Performance of CAR. We compare the performance of six versions of CAR from this paper, and 2 from [23]: simpcar-bb and simpcar-be. The results are summarized in Fig. 2a. simplecar-bbir solves the most number of unsafe instances (138) than any other CAR implementation, while the virtual best CAR (best-car), which includes the six CAR implementations proposed in this paper, solves 155 instances. In contrast, the CAR implementations from [23] solves 124 instances; these instances are solved by all six CAR implementations from this paper, and on average take ~30% less time. We also measure the average size of unsat cores generated by all CAR implementations at each frame in B-sequence. For the same benchmark, best-car generates on average ~14% smaller UC compared to [23]. simpcar-bbir that uses a combination of intersection and rotation heuristics achieves the highest compression in UC size: on average ~20% smaller UC. This supports our claim that smaller UC in the B-sequence lead to faster convergence, and validates the effectiveness of our heuristics in generating smaller unsat cores and diverse states with negligible runtime overhead.

*Performance of* BMC. The performance of five different BMC implementations is summarized in Fig. 2b. abc-bmc2 solves all instances that are solved by abc-bmc, iimc-bmc and simplic3-bmc for a total of 155. abc-bmc3 is able to solve one



**Fig. 2:** Number of unsafe benchmarks solved. The "category-uniquely solved" benchmarks are not solved by any other implementation in the same category. The "uniquely solved" benchmarks are not solved by any other algorithm category.

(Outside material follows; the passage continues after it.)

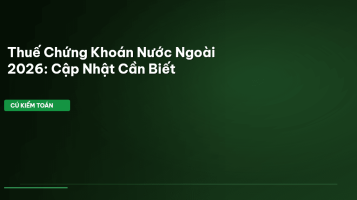 thuế chứng khoán nước ngoài 2026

instance not solved by abc-bmc2. The virtual best BMC (best-bmc, which includes all five BMC implementations, solves 156 instances.

*Performance of* IC3/PDR. We found an error in simplic3-best3 on the instance "6s309b034", for which abc-bmc3 returns unsafe (the counterexample passes the check of aigsim) but simplic3-best3 returns safe. The performances of nine different IC3/PDR implementations is summarized in Fig. 2c. simplic3-best2 solves the most number of unsafe instances (131) than any other IC3/PDR implementation, while the virtual best IC3/PDR (best-ic3), which includes all nine IC3/PDR implementations, solves 149 instances.

*Comparison of* CAR *and* BMC. The best-bmc and best-car implementations solve 156 and 155 instances, respectively. However, best-bmc solves 15 instances not solved by best-car, and best-car solves 14 instances not solved by best-bmc. The virtual best of BMC and CAR solves 170 instances.

Comparison of CAR and IC3/PDR. There are 20 instances solved by best-car that are not solved by best-ic3, whereas, best-ic3 solves 14 instances not solved by best-car. Both Reverse-IC3/PDR (iimc-ic3r) and Backward-CAR perform reachability analysis in the reverse direction. iimc-ic3r solves four instances not solved by any other IC3/PDR implementation; all implementations of CAR solves these 4 instances. The virtual best of IC3/PDR and CAR solves 169 instances.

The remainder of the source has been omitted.